Higher education has grown for decades as a business structure built on principles of land acquisition, an invaluable product (college degrees and workforce training) and job creation for towns, cities, and states.
Now, that model is dying because college campuses have too few students, degrees are too expensive and jobs are being replaced by automation, and the best places to live and work in America aren’t necessarily in the rural south, where a majority of HBCUs are located.
Rural America’s Population is Shrinking for the First Time Ever
Rural America at a Glance, 2017 Edition -the U.S. Department of Agriculture’s annual report on rural economic and population trends in the nation’s “nonmetro” areas-didn’t include too many surprises, but did find wide regional variation. It also confirmed (as we’ve reported) that rural America’s overall population is in fact shrinking for the first time on record.

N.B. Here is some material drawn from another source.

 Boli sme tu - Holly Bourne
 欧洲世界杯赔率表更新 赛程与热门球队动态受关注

Some HBCUs have responded by selling land, cutting positions and razing facilities. Others farm out campus operations to private contractors, with auxiliary services like the campus bookstore and food services emerging as common targets for cost savings.
But can these campuses move fast enough? Here are five financial trends to watch at HBCUs nationwide as the campuses learn to deal with new industrial norms.

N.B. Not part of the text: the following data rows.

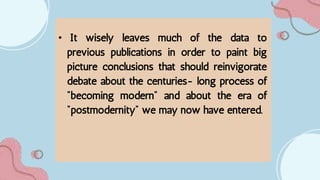 • It wisely leaves much of the data to
previous publications in order to paint big
picture conclusions that should reinvigorate
debate about the centuries- long process of
"becoming modern" and about the era of
"postmodernity" we may now have entered.
 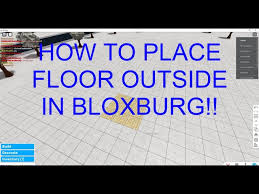 place floor outside in bloxburg 2021
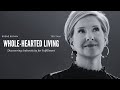 Brene Brown: Whole-Hearted Living (Discovering Authenticity for Fulfillment)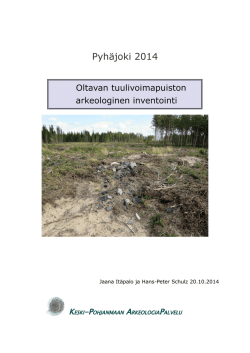 Pyhäjoki_Oltavan tuulivoimapuiston arkeologinen inventointi 2014.pdf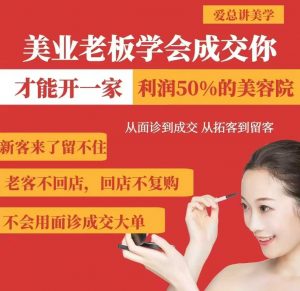 美业老板学会成交，你才能开一家利润50的美容院，从面诊到成交，从拓客到留客-揽颜居工坊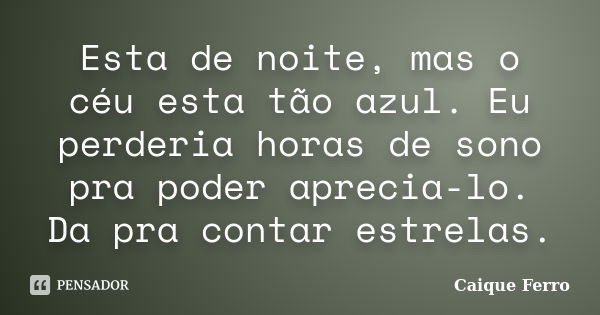 Esta de noite, mas o céu esta tão azul. Eu perderia horas de sono pra poder aprecia-lo. Da pra contar estrelas.... Frase de Caique Ferro.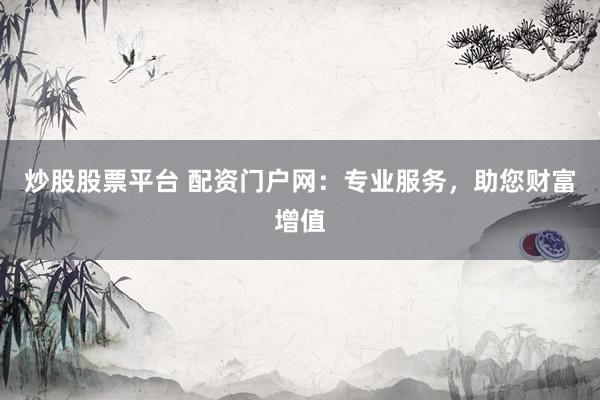 炒股股票平台 配资门户网:专业服务,助您财富增值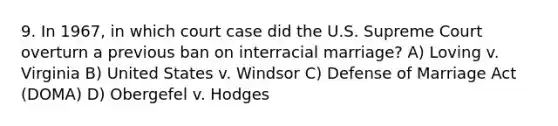 9. In 1967, in which court case did the U.S. Supreme Court overturn a previous ban on interracial marriage? A) Loving v. Virginia B) United States v. Windsor C) Defense of Marriage Act (DOMA) D) Obergefel v. Hodges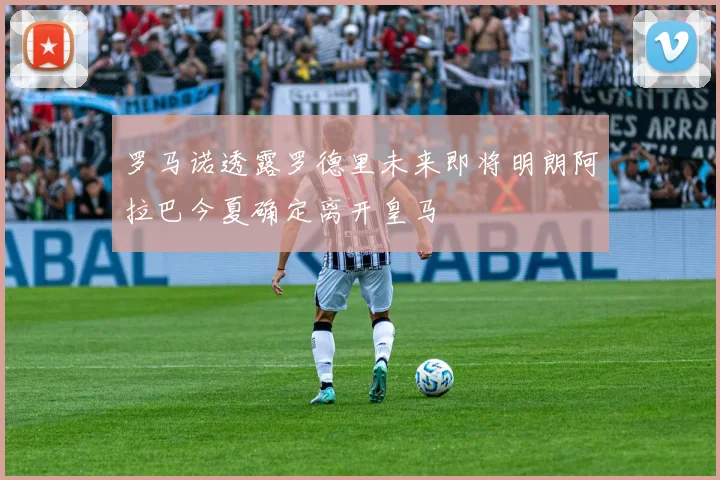 罗马诺透露罗德里未来即将明朗阿拉巴今夏确定离开皇马
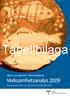 Tabellbilaga. Hälso- och sjukvård i Västra Götaland Verksamhetsanalys 2009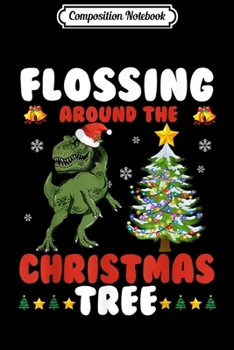 Paperback Composition Notebook: Flossing Around The Christmas Tree-Dinosaur T-rex Christmas Journal/Notebook Blank Lined Ruled 6x9 100 Pages Book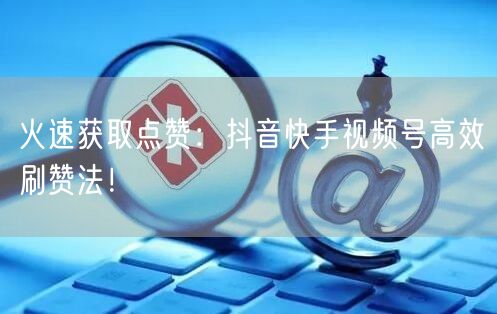 火速获取点赞：抖音快手视频号高效刷赞法！
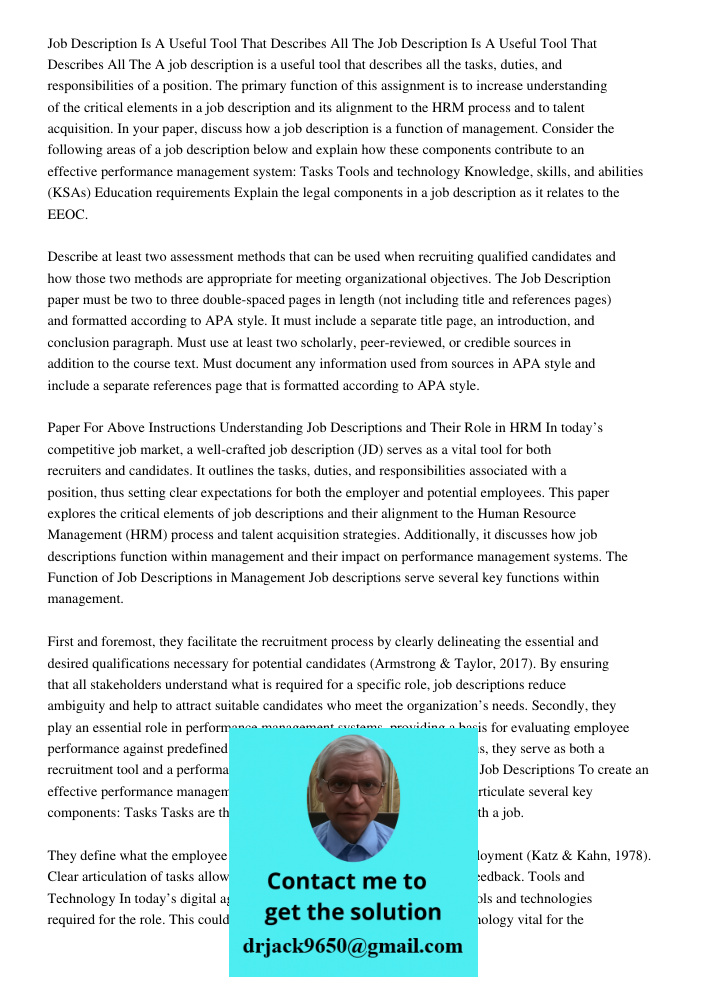 A job description is a useful tool that describes all the tasks, duties, and responsibilities of a position. The primary function of this assignment is to incre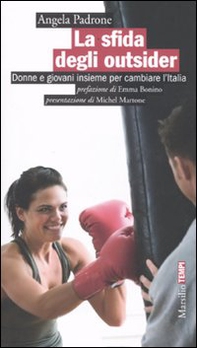 La sfida degli outsider. Donne e giovani insieme per cambiare l'Italia - Librerie.coop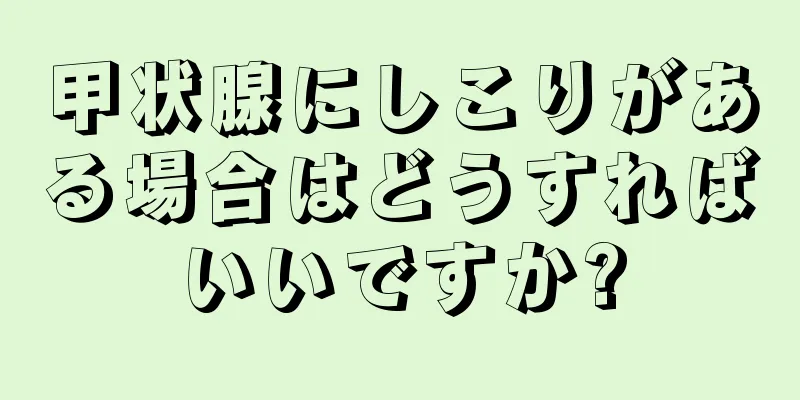 甲状腺にしこりがある場合はどうすればいいですか?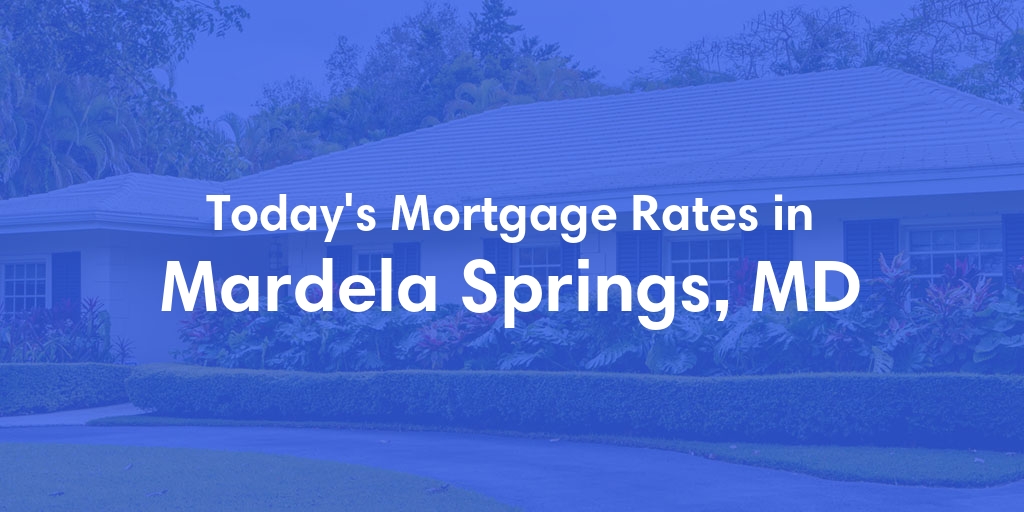 The Current Average Mortgage Rates in Mardela Springs, MD - Updated: Sun, May 5, 2024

Facility Fire Sales – Several HBCUs have quietly leased out old dormitories and academic halls to businesses looking for cheaper office space and quality parking outside of traditional commercial zones. Look for more HBCUs to convert library, athletic and office space to private leasers in the next year, and for schools to move in selling valuable radio and television broadcasting space and equipment to help offset revenue losses from down tuition and endowment underperformance.

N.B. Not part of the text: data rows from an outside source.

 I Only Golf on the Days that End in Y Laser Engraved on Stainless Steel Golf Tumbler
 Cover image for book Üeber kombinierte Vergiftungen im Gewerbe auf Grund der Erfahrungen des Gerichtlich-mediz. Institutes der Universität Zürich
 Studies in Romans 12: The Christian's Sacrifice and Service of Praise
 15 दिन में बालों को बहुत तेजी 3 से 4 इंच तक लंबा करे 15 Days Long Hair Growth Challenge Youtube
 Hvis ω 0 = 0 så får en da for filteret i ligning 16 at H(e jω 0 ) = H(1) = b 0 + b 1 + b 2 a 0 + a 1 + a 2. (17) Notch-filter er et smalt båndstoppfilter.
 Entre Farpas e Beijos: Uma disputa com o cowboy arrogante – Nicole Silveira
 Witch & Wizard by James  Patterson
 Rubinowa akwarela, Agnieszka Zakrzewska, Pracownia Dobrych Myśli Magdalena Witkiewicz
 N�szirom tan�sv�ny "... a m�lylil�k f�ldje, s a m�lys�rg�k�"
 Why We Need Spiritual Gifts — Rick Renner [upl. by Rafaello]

Privatizing the Campus Experience – While the bookstore and food service contracts are typical outsourcing targets for HBCUs, look for several campuses to hand out contracts for residence life agreements, public safety, groundskeeping and maintenance, and campus health centers. Contracting these operations will save campuses millions in benefits, legal costs for labor negotiations and lawsuits, and will also reduce executive salaries over departments like student affairs and finance and management.
Consolidated Service Contracts – For private HBCUs, consolidating service contracts for telecommunications, office supplies, cable and Internet access and vehicles with other black colleges will create savings and force vendors to deliver high caliber services to campuses.
Cutting Executive Pay Bloat – Soon, HBCU boards and presidents will realize that one assistant or associate vice president making $100,000 per year is not worth two managers in a service division, or 1.5 full-time faculty members who can teach more classes. HBCUs will dial back on having a stable of vice-presidents, assistants and associates, in favor of investments in faculty who will need to teach more classes on-site and online in the near future.
Cutting More of the Arts and Social Sciences – If programs can’t make money, they won’t hire faculty or teach students. Look for several prominent HBCUs to cut or combine underperforming academic programs with more competitive degree offerings to justify continuing state funding for public HBCUs, or to help keep struggling private HBCUs afloat.